Tuesday, November 29, 2005
2005 Rush Award
Liberal Arts Education, Leadership and Business Management
Stern Center, Great Room, 7:00 p.m.

Liberal Arts Education

Issue in Context
Marvin Suomi of the Kajima Corporation once said “Somehow we have failed miserably in communicating to students and parents the importance of a well-rounded education in the business world. Today, perhaps more than ever, we need the depth of perspective that a liberal arts education can bring to decision making, product development, leadership, and other dimensions of business.”

Based on Mr. Suomi’s statement, one can easily begin to understand how much the business world has evolved in just a few decades. In the past, there was a clear bias within firms where specialized education was strongly preferred to liberal arts education in terms of background for employment. However, as the job market has evolved, so have the criteria for employment. Increasingly, firms are looking for individuals who exhibit skills in problem solving, the capacity for cross-cultural understanding, and the ability to place key decisions in broader social and historical contexts.
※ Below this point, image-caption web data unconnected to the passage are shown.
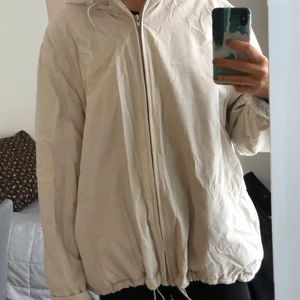 Oversized jacka - Supersnygg beige jacka. Varm och perfekt till hösten:) Möts upp eller fraktar.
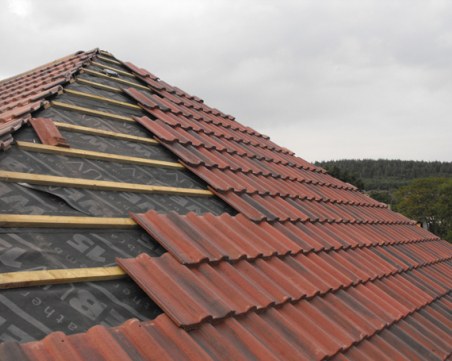 Майстори на покриви станаха рекетьори, заплашват с незавършен ремонт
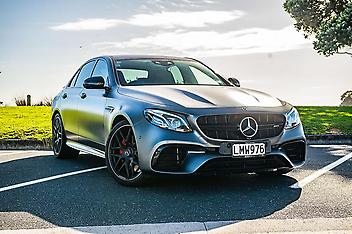 76,000 Km, Sedan, 3982 cc, Petrol engine, Automatic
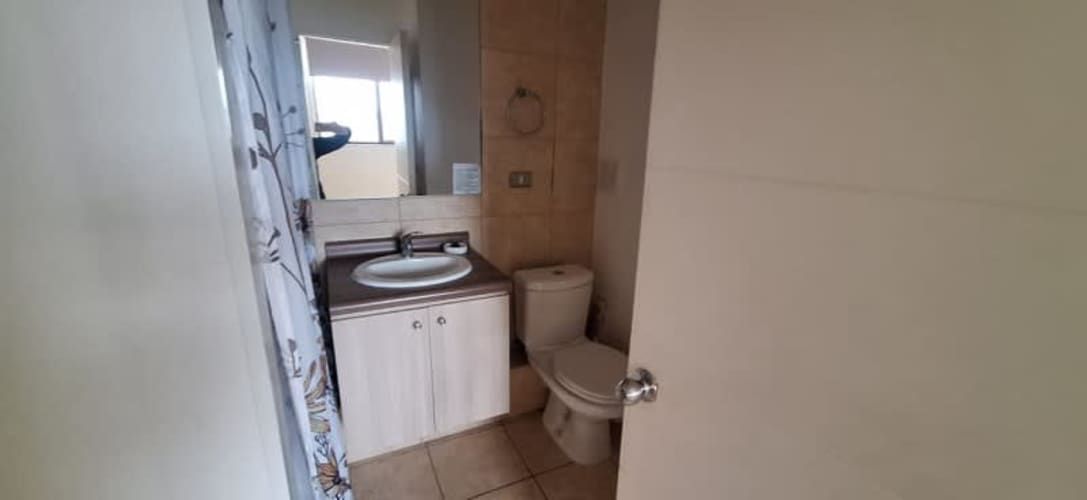 INVERSIONISTAS, VENTA DEPTO. UF2.000 CUENTA CON 36 M2.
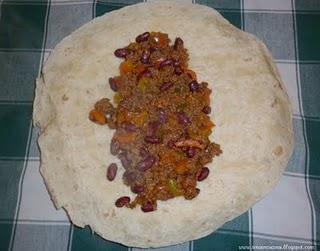 BURRITOS CON CHILI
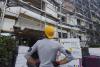 REPORTAJ: Salahor pentru o zi în construcții. ​​​​​​​Când ridici 180 de găleți cu ciment până acolo unde începe cerul și n-ai ce pune pe masă 19020349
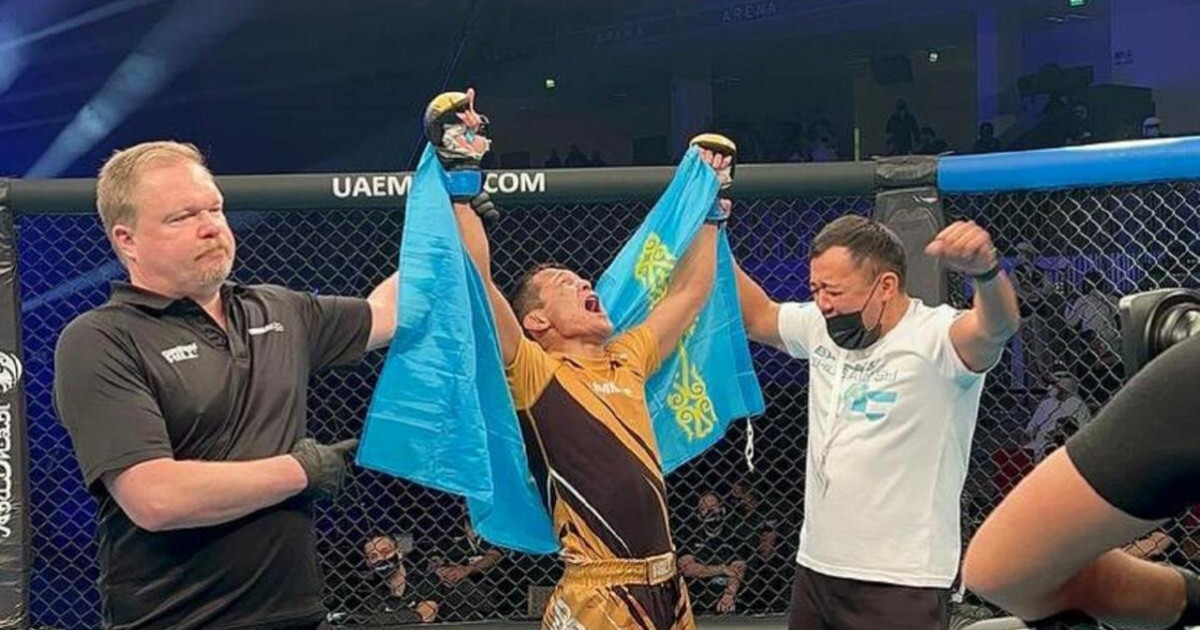 ММА: қазақстандық спортшы үш дүркін әлем чемпионы атанды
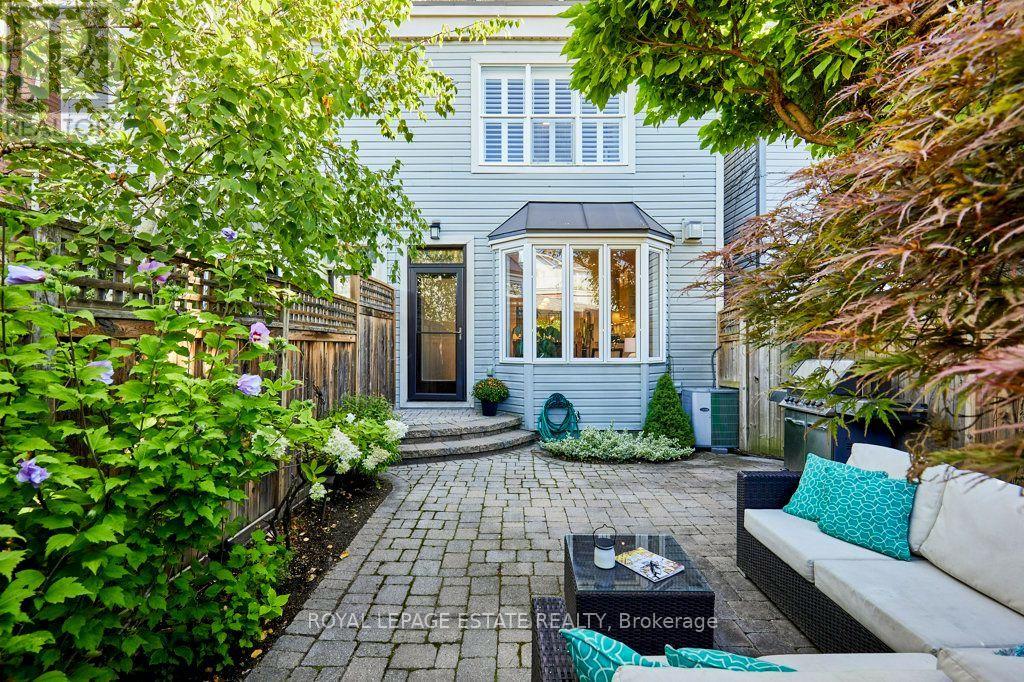 32 Joseph Duggan Road, Toronto, Ontario  M4L 3Y2 - Photo 16 - E13783954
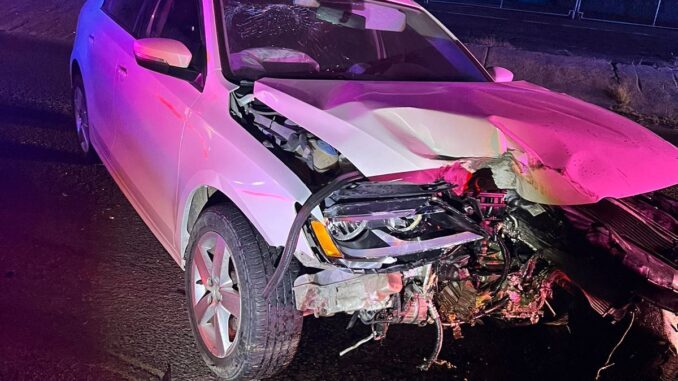 Policías Viales de Aguascalientes atienden reporte de accidente contra un árbol que se registró durante la madrugada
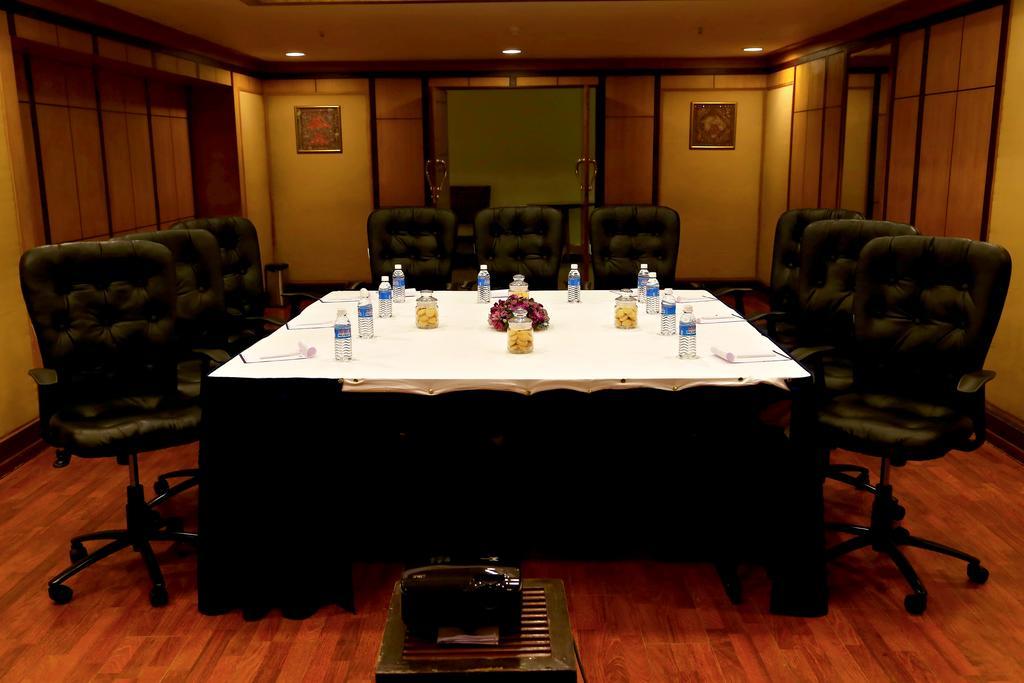 โรงแรมโกคูแลม พาร์ค Kochi ภายนอก รูปภาพ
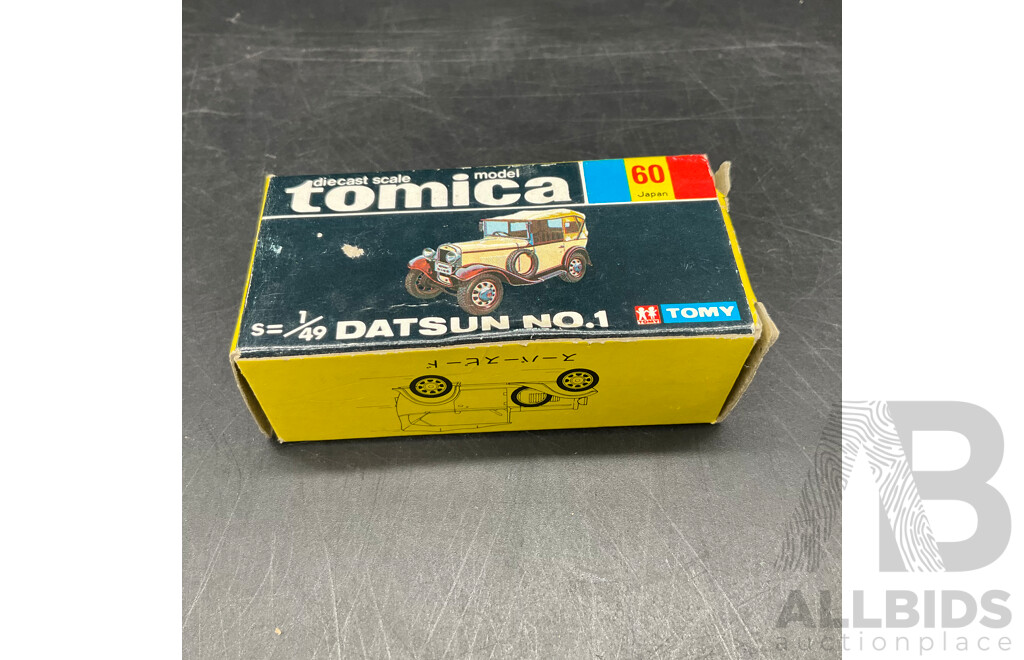 TOMICA Black Box Retired No.60 DATSUN NO.1 Diecast Car 1/49 - Made in Japan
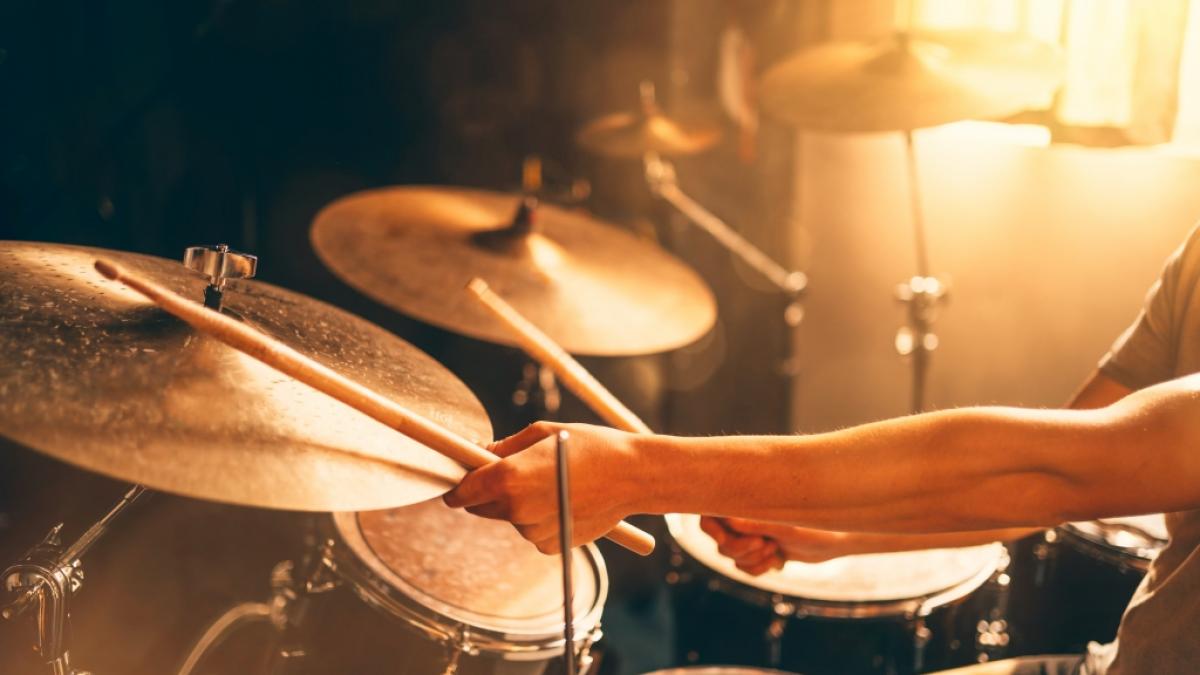 Die Musikwelt trauert um den ehemaligen Siouxsie and the Banshees-Drummer Kenny Morris. (Foto)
As more corporations become multi-national, the demand for liberal arts educated analysts in the business world continues to soar. The value of better understanding of human nature and culture, and the capacity for ethical, values-based decision making within a changing environment have become key attributes that today’s employers seek. Today’s evolving society and labor-market now require a balance between specialized and liberal education.

About the Speaker
Lawrence A. Bossidy was elected Chairman and Chief Executive Officer of Honeywell International Inc. on July 3, 2001. Mr. Bossidy had served as Chairman and CEO of AlliedSignal from 1991 to 1999, when he became Chairman of Honeywell following the historic merger of AlliedSignal and Honeywell in December, 1999. He retired from the company in April 2000. He is credited with transforming AlliedSignal into one of the world’s most admired companies, whose success was largely driven by an intense focus on growth and Six Sigma-driven productivity. During his tenure with AlliedSignal the company achieved consistent growth in earnings and cash flow, highlighted by 31 consecutive quarters of earnings-per-share growth of 13% or more. Before joining AlliedSignal, Mr. Bossidy served in a number of executive and financial positions with General Electric Company, which he joined as a trainee in 1957. He was Chief Operating Officer of General Electric Credit Corporation (now GE Capital Corporation) from 1979 to 1981, Executive Vice President and President of GE’s Services and Materials Sector from 1981 to 1984, and Vice Chairman and Executive Officer of General Electric Company from 1984 to July 1991.

Mr. Bossidy was born in Pittsfield, Massachusetts and is a graduate of Colgate University.